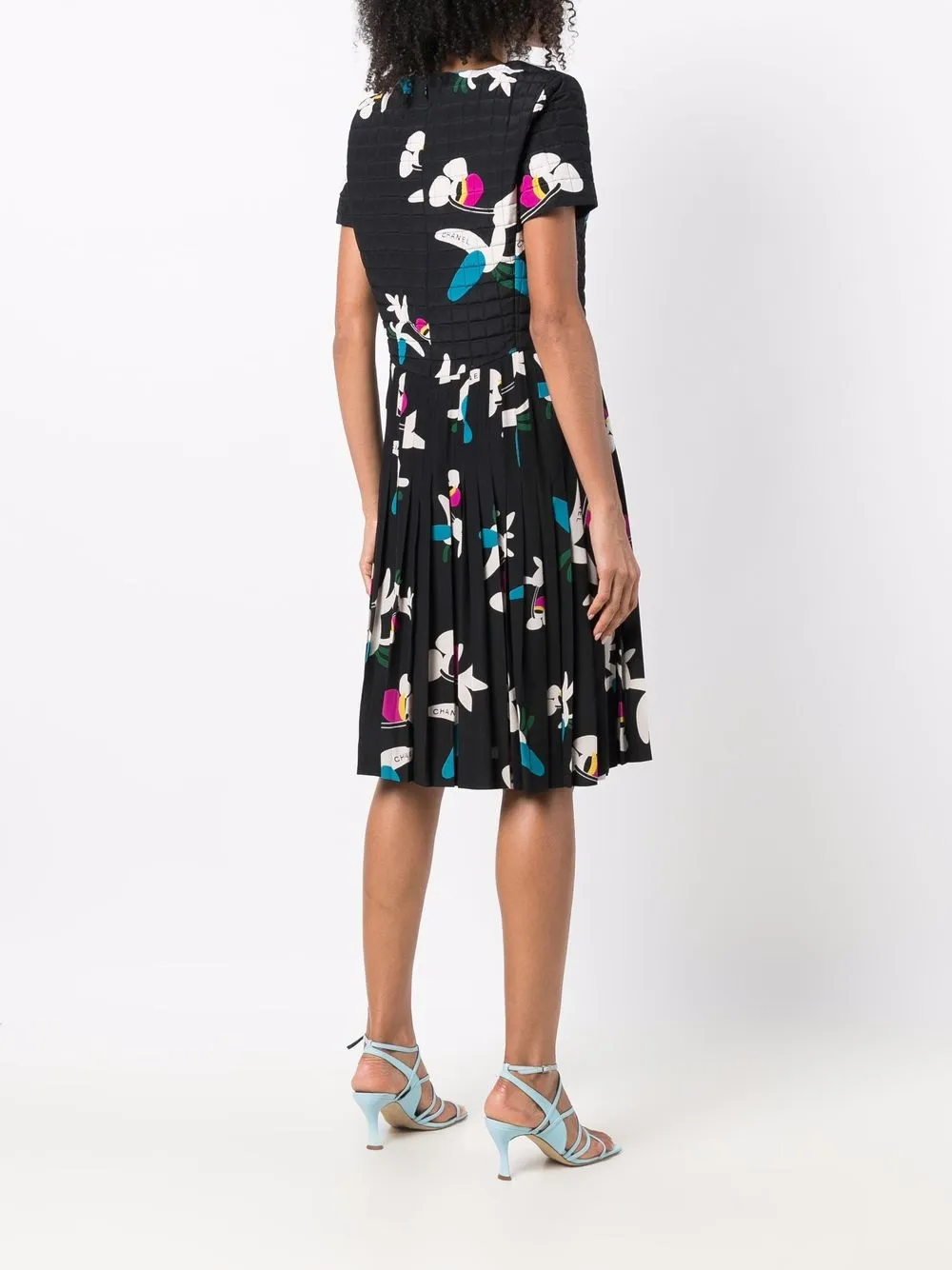 Femme CHANEL Robe Choco Bar à Imprimé Graphique (années 2000) 6 Femme CHANEL Robe Choco Bar à Imprimé Graphique (années 2000) – Image 4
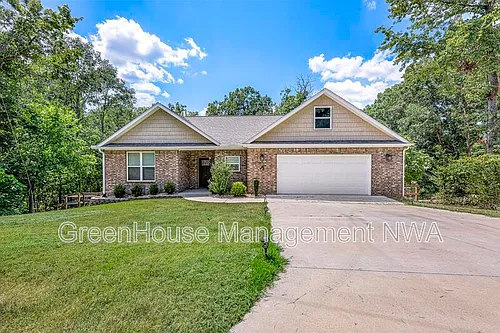 6 Lyneham Ln Photo 1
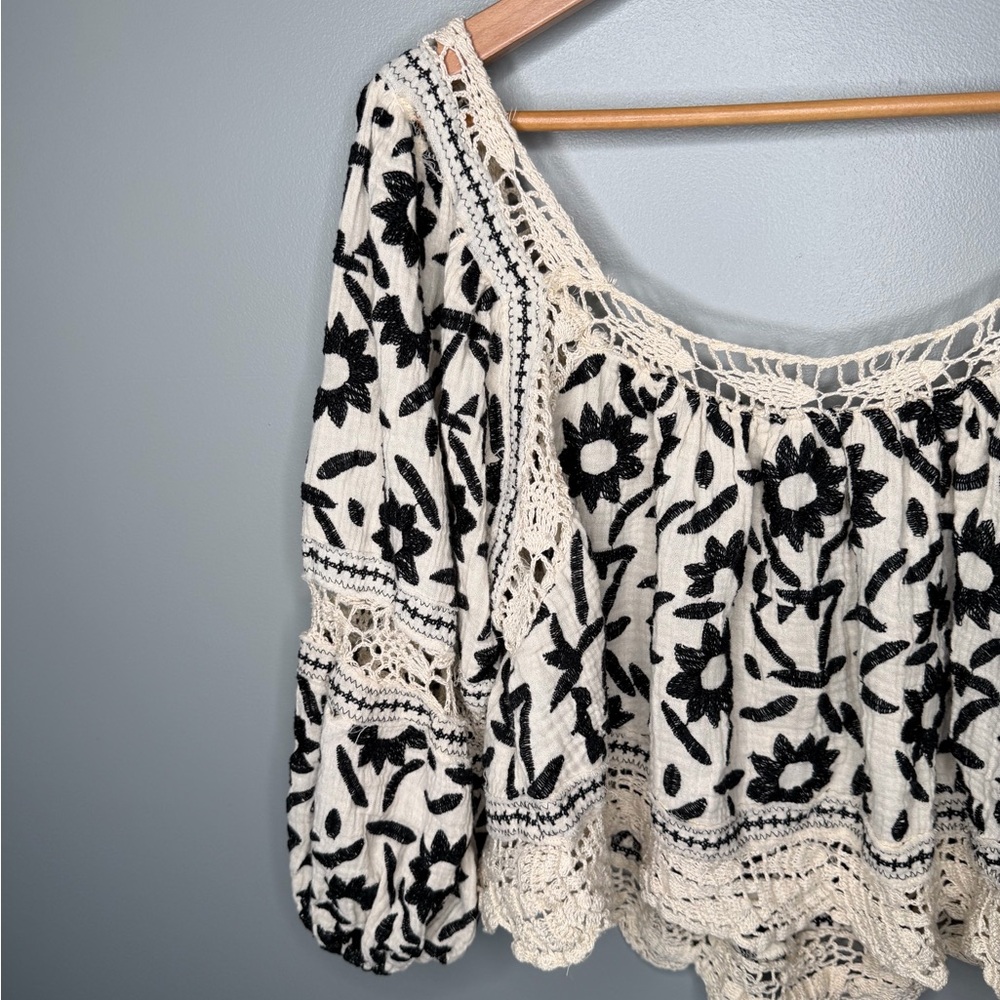 Free People Black and Cream Floral Blouse - Picture 4 of 12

● **WHAT THE TASK REQUIRES**: Would you please retype the material above exactly and leave out each picture?

● **YOUR SOLUTION**:
 Femme CHANEL Robe Choco Bar à Imprimé Graphique (années 2000) 6 Femme CHANEL Robe Choco Bar à Imprimé Graphique (années 2000) – Image 4
 6 Lyneham Ln Photo 1
 Free People Black and Cream Floral Blouse - Picture 4 of 12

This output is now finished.